### EXERCISE
Exclude the pictures; give every entry again exactly as written.

Dataset excerpts:
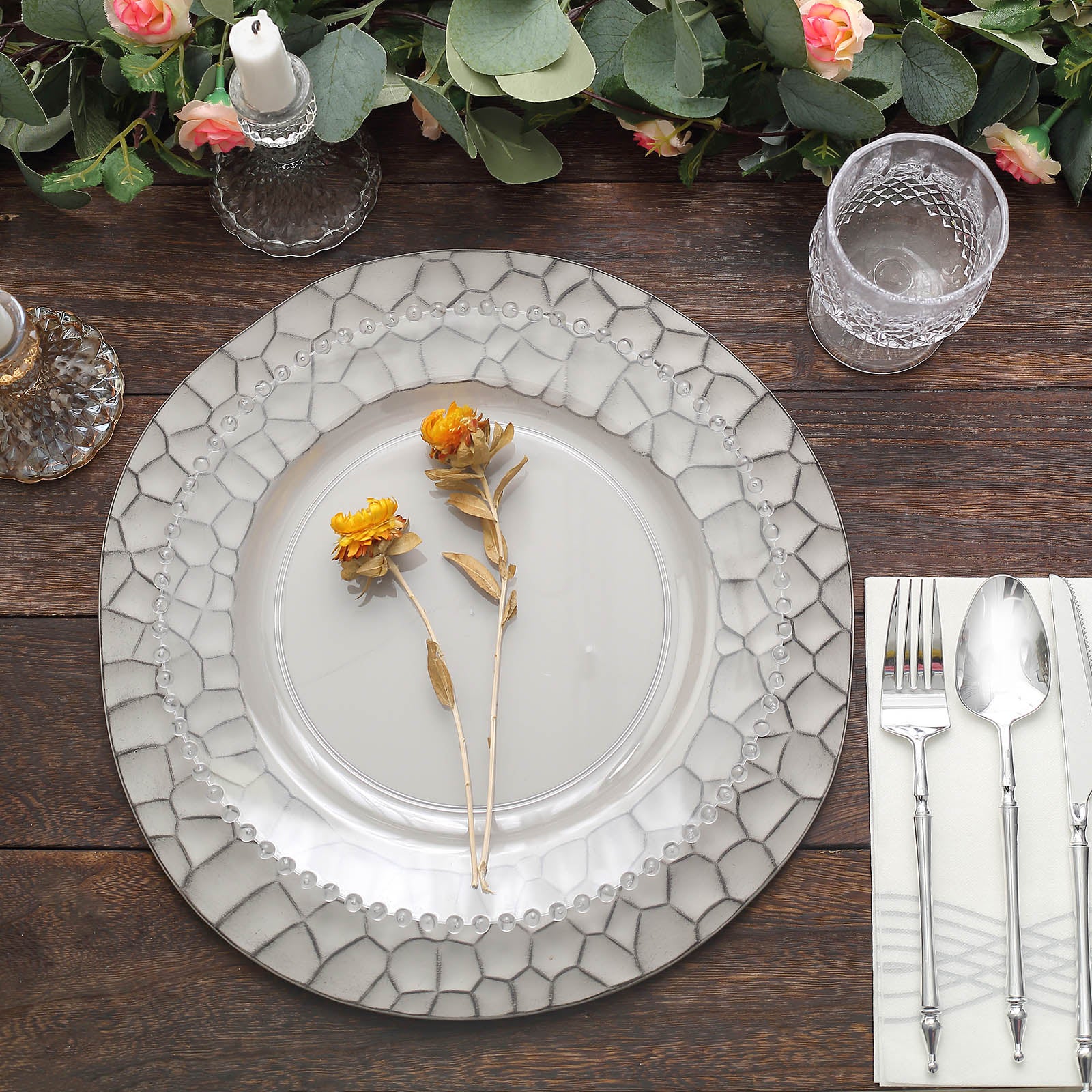 Matte gray hammered charger plates with floral decor and elegant table setting.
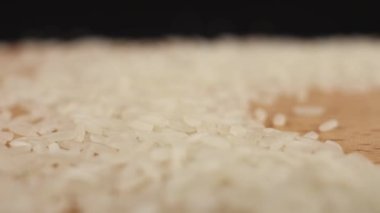 Masaya beyaz pirinç tanecikleri dökülüyor. Japon mutfağı için yavaş yavaş arka plan ekran koruyucusu.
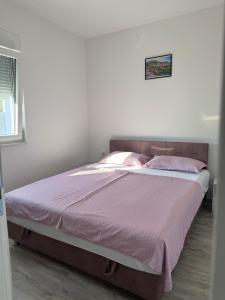 a bedroom with a large bed with pink sheets at Hubby Resort in Mostar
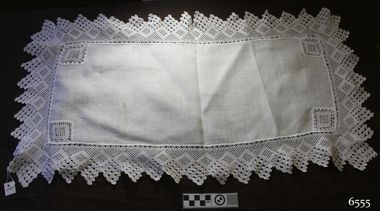 White rectangular table runner with square crocheted inserts in corners and crocheted edging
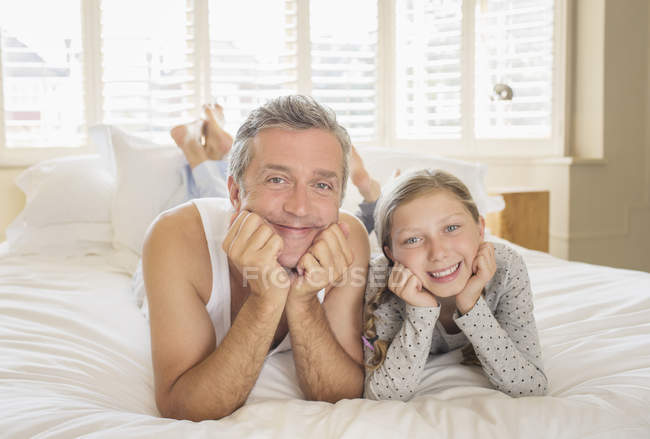 Padre e hija acostados en la cama - foto de stock
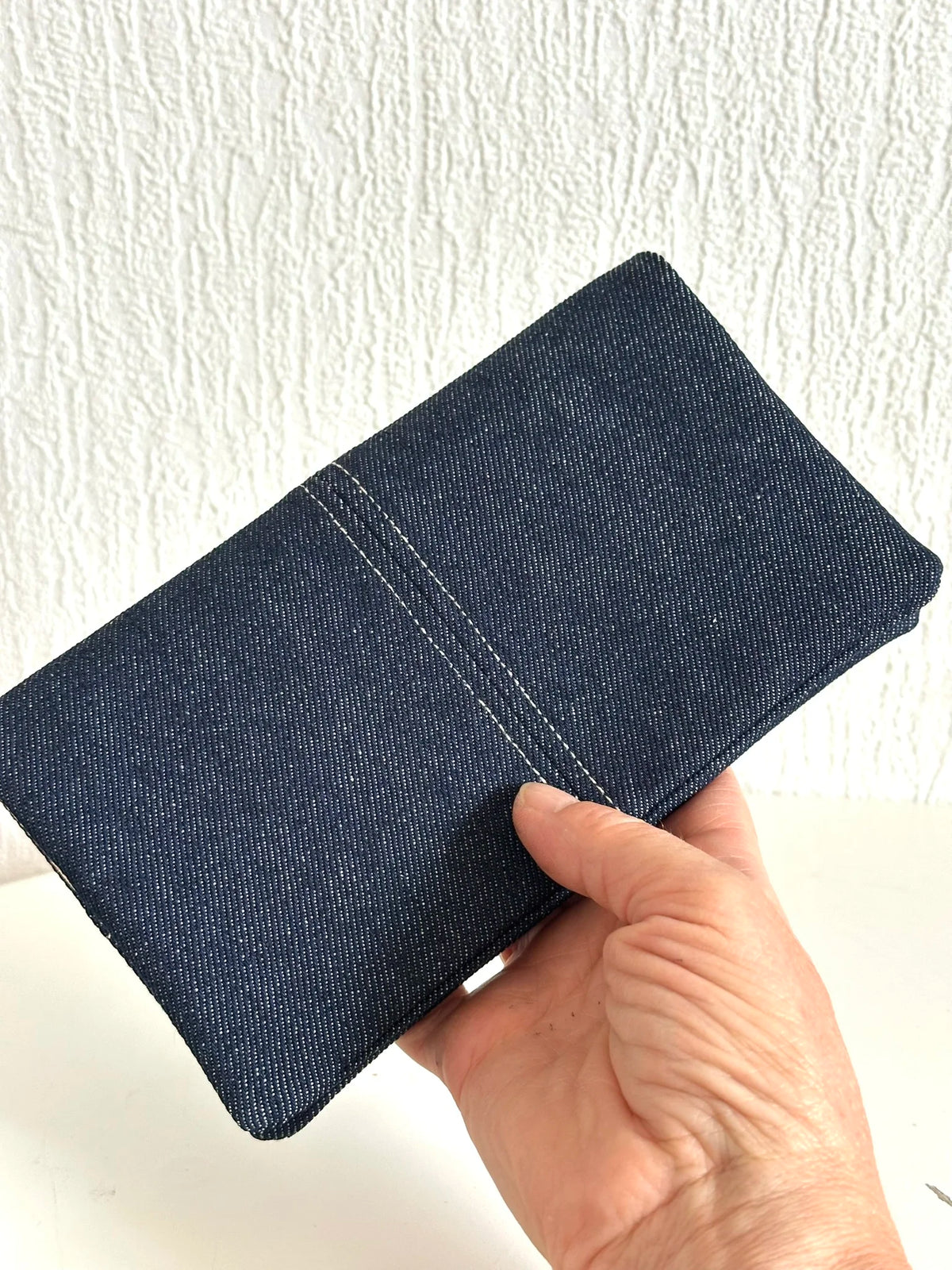 Le porte chéquier en denim tenu en main.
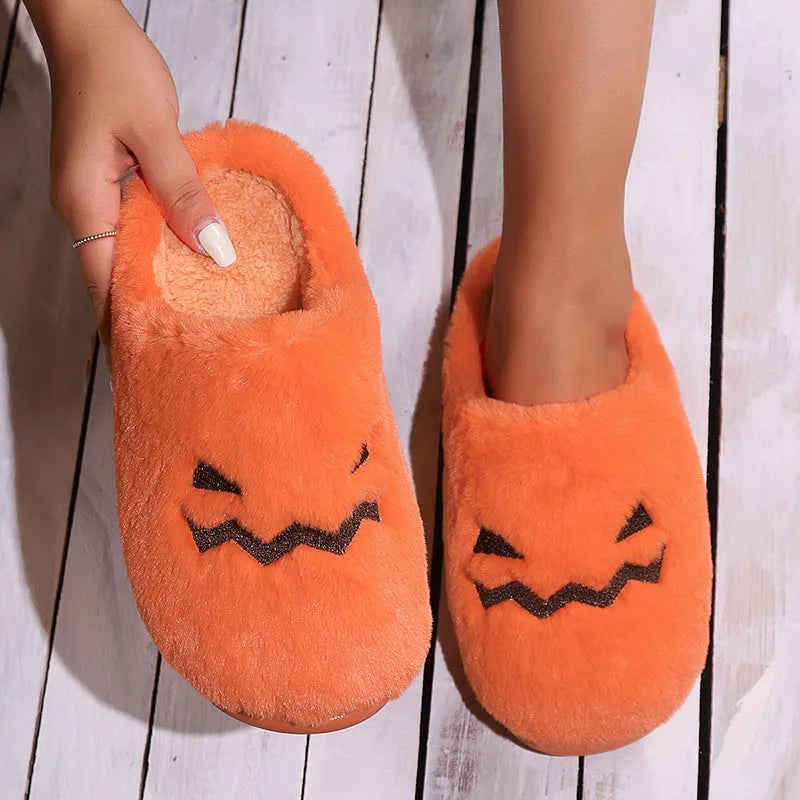 Orange Halloween pumpkin-themed plush indoor slippers with a non-slip PVC sole.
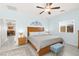 Spacious bedroom featuring a large bed, ceiling fan, and view into the dining room at 10951 Stone Crossing Ave, Las Vegas, NV 89166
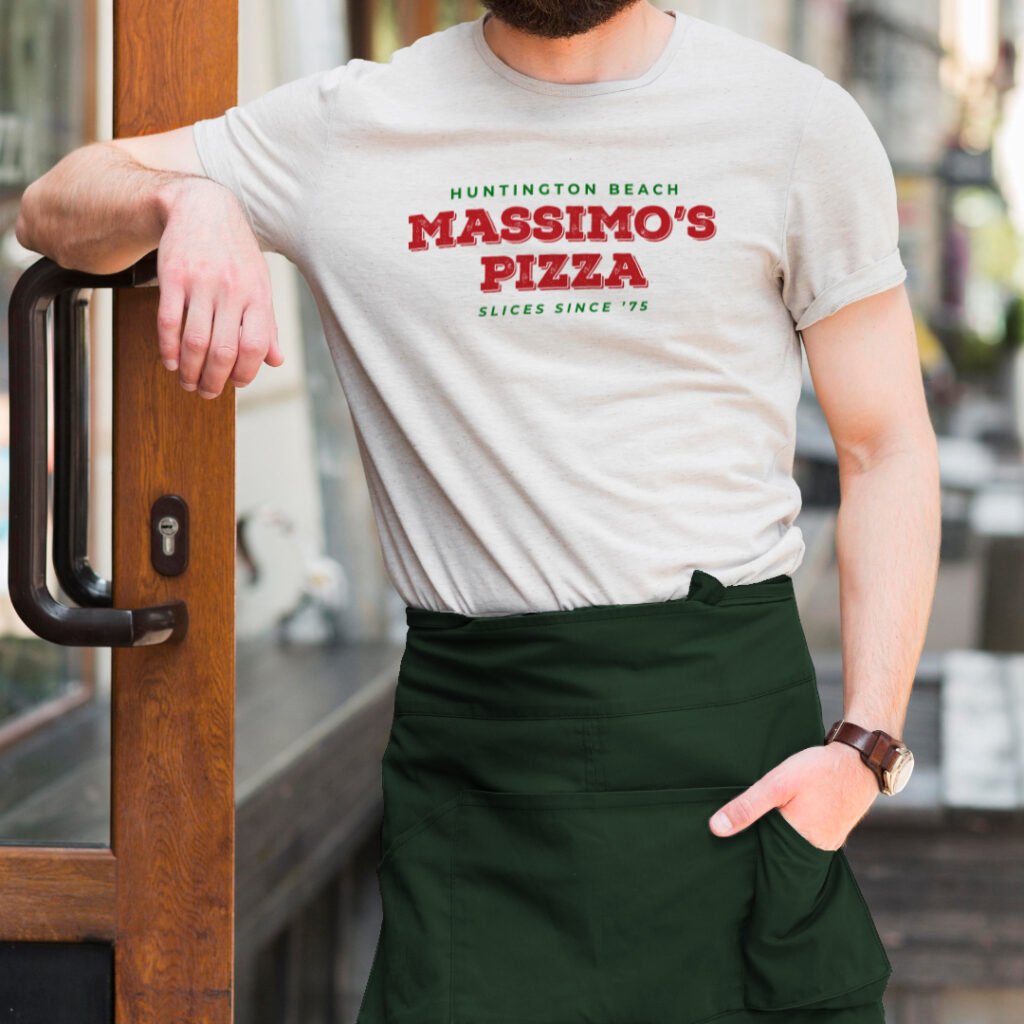Massimo’s Pizza rebrand logo on staff t-shirt and green apron.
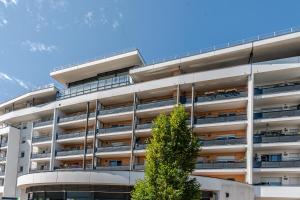 an apartment building with a tree in front of it at OVELIA Seynod - Les Balcons d'Annecy in Annecy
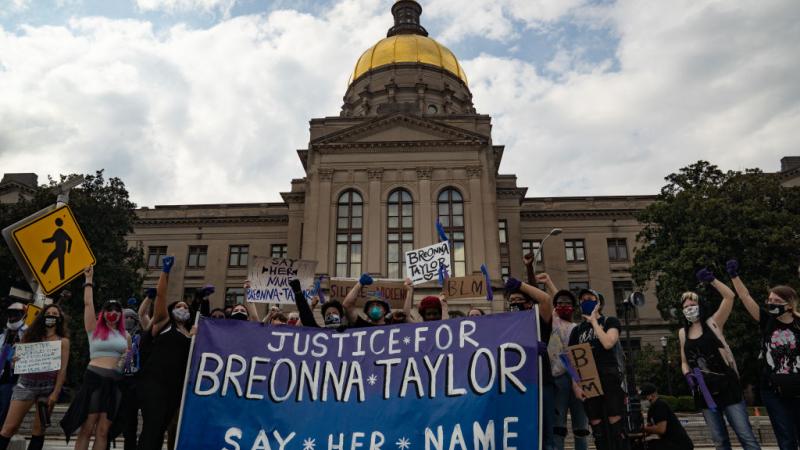Demonstrators at a memorial for Breonna Taylor
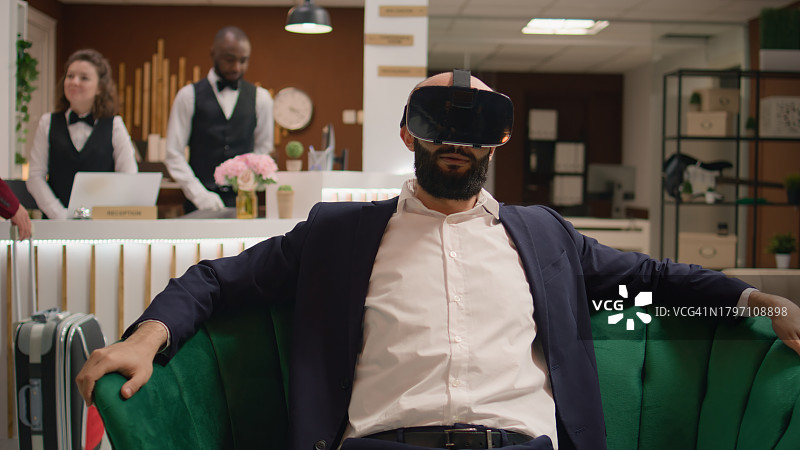 在沙发上使用VR眼镜的经理图片素材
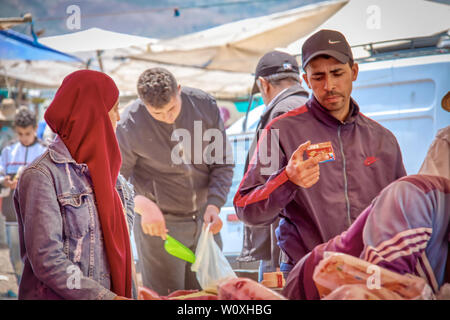 Oued Laou, Tetouan, Marokko - Mai 4, 2019: Kunden, die Produkte von einem der souk Stände auf der Suche Stockfoto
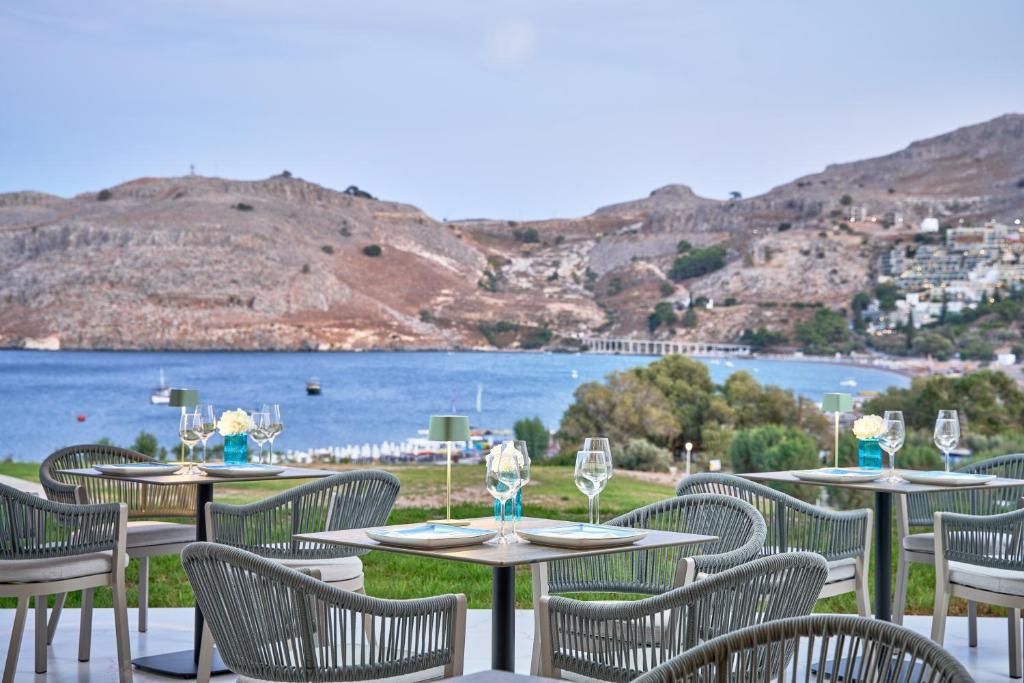 Lindos Grand Resort & Spa restorāns ar skatu uz jūru un kalniem.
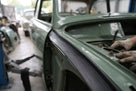 Rectangular rubber strip fitted along a green classic car body seam during restoration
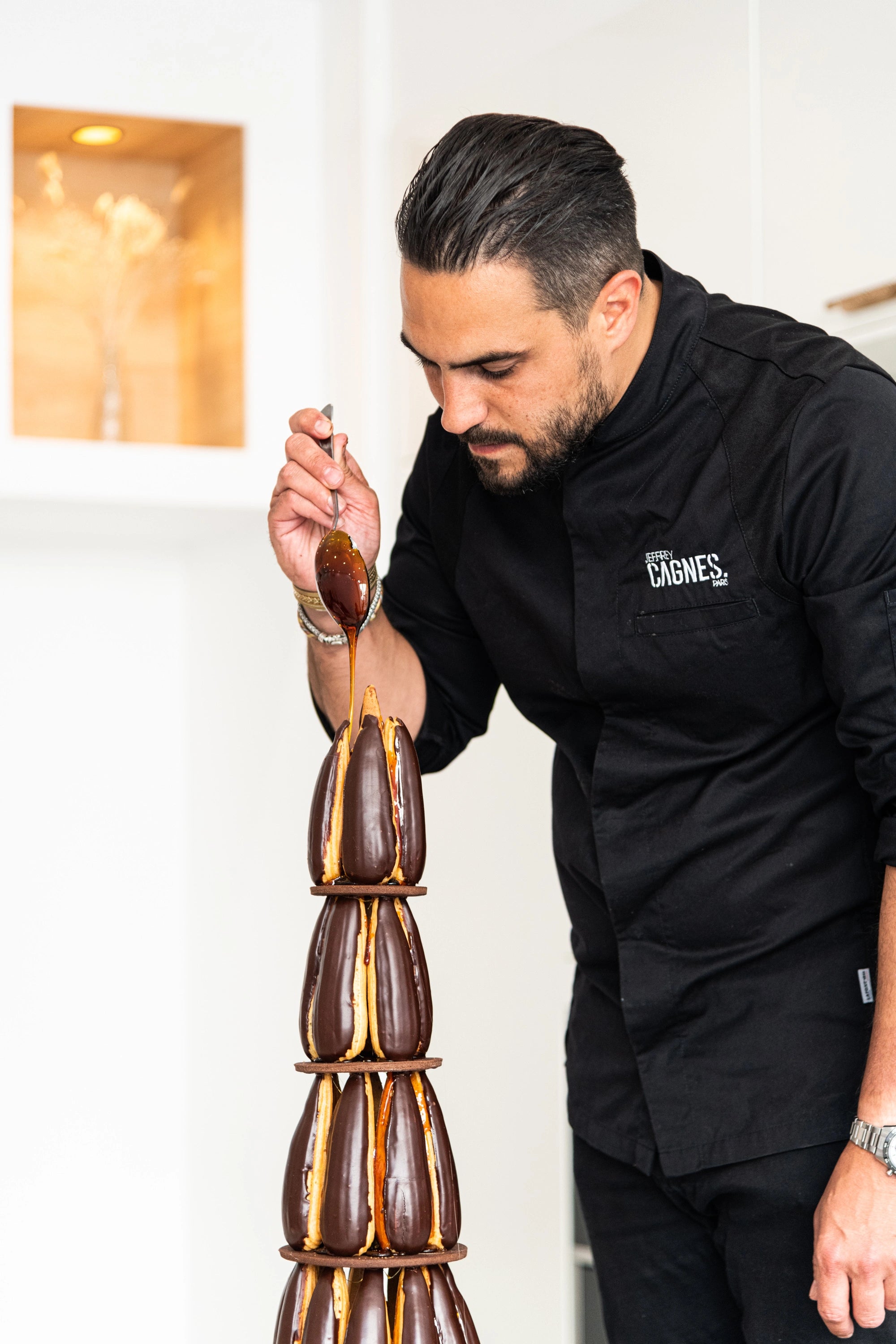 Le Chef pâtissier Jeffrey Cagnes en train d'assembler minutieusement une pièce montée de mariage moderne composée de religieuses et d'éclairs glacés au chocolat avec du caramel filant.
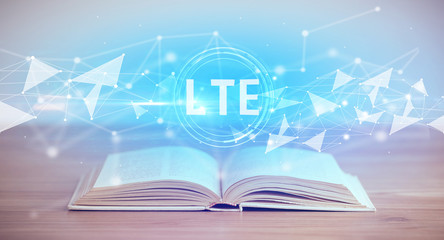 Open book with LTE abbreviation, modern technology concept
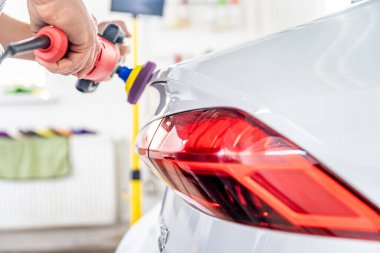 Cilalayarak arabanın tamirini ve bakımını yapıyor. Koruma ve parlatıcı için özel bir seramik hazırlama uygulaması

### YOUR SOLUTION
 Matte gray hammered charger plates with floral decor and elegant table setting.
 Masaya beyaz pirinç tanecikleri dökülüyor. Japon mutfağı için yavaş yavaş arka plan ekran koruyucusu.
 a bedroom with a large bed with pink sheets at Hubby Resort in Mostar
 White rectangular table runner with square crocheted inserts in corners and crocheted edging
 Padre e hija acostados en la cama - foto de stock
 Le porte chéquier en denim tenu en main.
 Orange Halloween pumpkin-themed plush indoor slippers with a non-slip PVC sole.
 Spacious bedroom featuring a large bed, ceiling fan, and view into the dining room at 10951 Stone Crossing Ave, Las Vegas, NV 89166
Massimo’s Pizza rebrand logo on staff t-shirt and green apron.
 an apartment building with a tree in front of it at OVELIA Seynod - Les Balcons d'Annecy in Annecy
Demonstrators at a memorial for Breonna Taylor
 在沙发上使用VR眼镜的经理图片素材
 Oued Laou, Tetouan, Marokko - Mai 4, 2019: Kunden, die Produkte von einem der souk Stände auf der Suche Stockfoto
 Lindos Grand Resort & Spa restorāns ar skatu uz jūru un kalniem.
 Rectangular rubber strip fitted along a green classic car body seam during restoration
 Le Chef pâtissier Jeffrey Cagnes en train d'assembler minutieusement une pièce montée de mariage moderne composée de religieuses et d'éclairs glacés au chocolat avec du caramel filant.
 Open book with LTE abbreviation, modern technology concept
 Cilalayarak arabanın tamirini ve bakımını yapıyor. Koruma ve parlatıcı için özel bir seramik hazırlama uygulaması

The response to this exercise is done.